Lanka whets intl appetite for mangrove conservation

August 4, 2016

Sri Lanka’s pioneering nationwide programme to save its damaged mangrove forests is bearing fruit a year on, prompting the U.S. conservation group backing it to look for another island country to launch a similar effort.

Duane Silverstein, executive director at California-based Seacology, a non-profit that protects island habitats, said he was planning to visit a candidate island state in the Caribbean in the next month. “This project, if it happens, is most definitely inspired by the success (in) Sri Lanka,” he told the Thomson Reuters Foundation, declining to name the potential project site as negotiations were ongoing.

From the late 1980s into the 1990s, the destruction of Sri Lanka’s mangroves had official sanction, as the government handed out public land to large companies to clear for shrimp farms along the northwest coast. “We were helpless – there was nothing we could do.
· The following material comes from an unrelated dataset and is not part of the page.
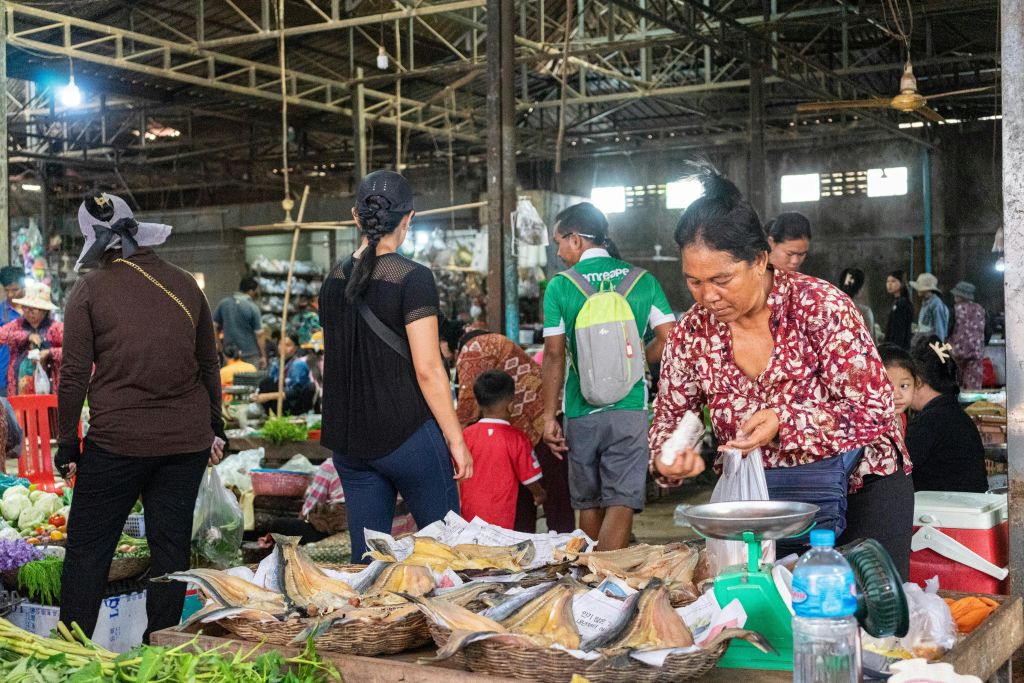 야외 시장을 둘러보고 현지 특산품을 발견하고 최고의 현지 스낵과 과일을 선택하세요.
Earth movers would come in and clear tracts overnight that had taken hundreds of years to grow,” said Douglas Thisera, director of conservation at the Kalpitiya-based Small Fishers Federation of Sri Lanka (Sudeesa), which is partnering on the mangrove scheme. Hundreds of acres of ecologically important mangroves in northwest Puttalam district – around 40 percent of the area’s forests – were cleared and replaced by large ponds, Thisera said.